About this task. Only the lines below from the one that holds "Well-accompanied gyros at" through the one that holds "Excellent Houseware Vandeniui" should appear in the answer, copied exactly, end lines included and pictures omitted.

Dataset excerpts.
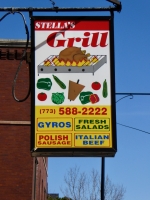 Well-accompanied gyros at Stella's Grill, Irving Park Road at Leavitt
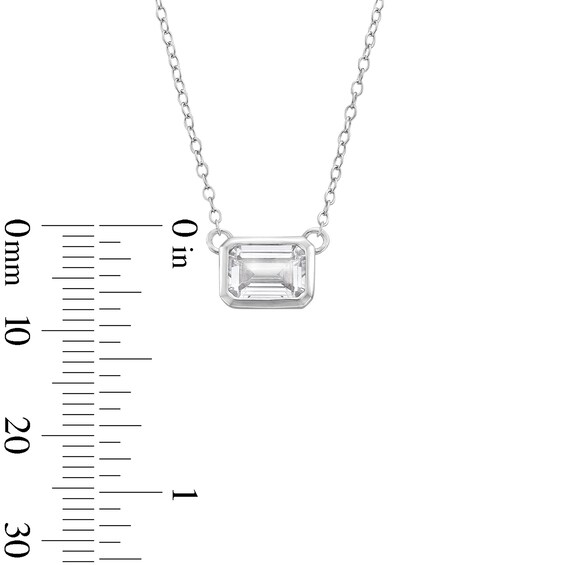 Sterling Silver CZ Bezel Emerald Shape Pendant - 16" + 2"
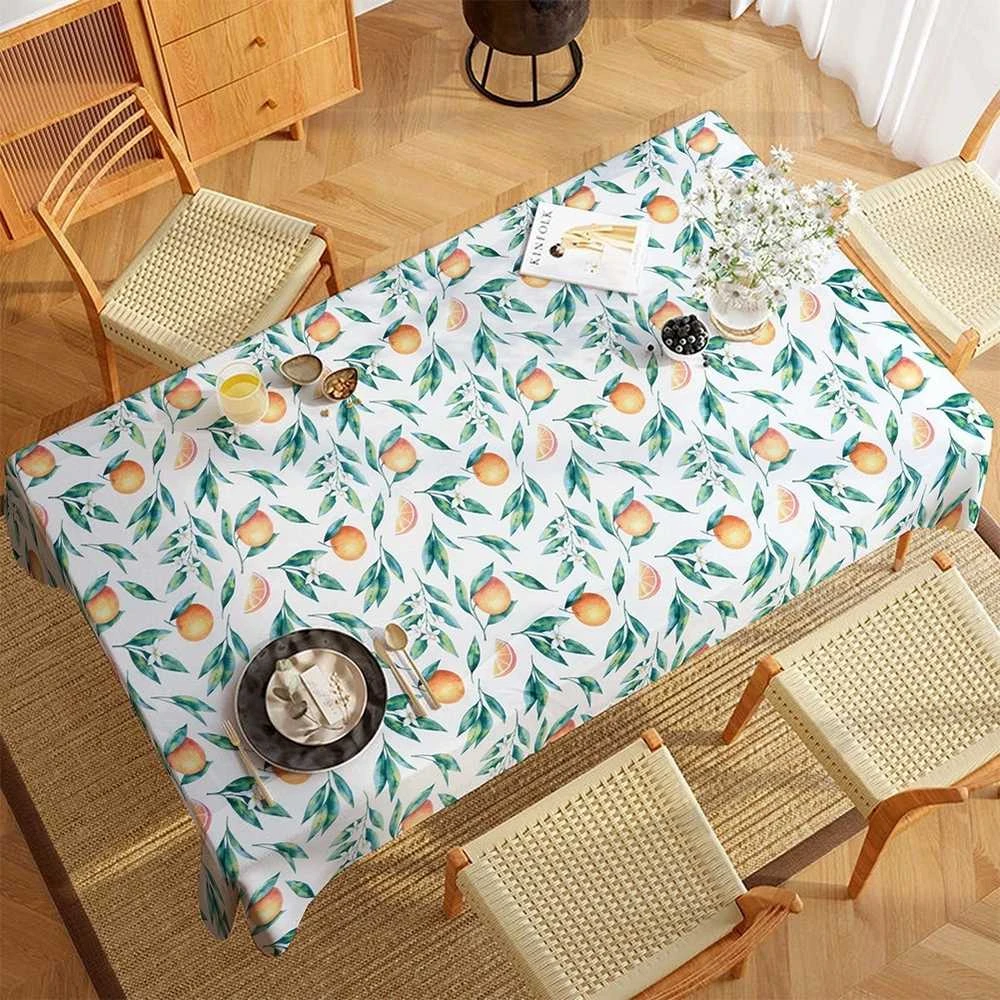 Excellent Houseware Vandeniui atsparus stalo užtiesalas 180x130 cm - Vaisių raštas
==
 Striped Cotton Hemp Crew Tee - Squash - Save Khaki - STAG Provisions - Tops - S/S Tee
==
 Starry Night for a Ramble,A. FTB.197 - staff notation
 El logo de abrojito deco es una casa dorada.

Answer to this problem.
 Well-accompanied gyros at Stella's Grill, Irving Park Road at Leavitt
 Sterling Silver CZ Bezel Emerald Shape Pendant - 16" + 2"
 Excellent Houseware Vandeniui atsparus stalo užtiesalas 180x130 cm - Vaisių raštas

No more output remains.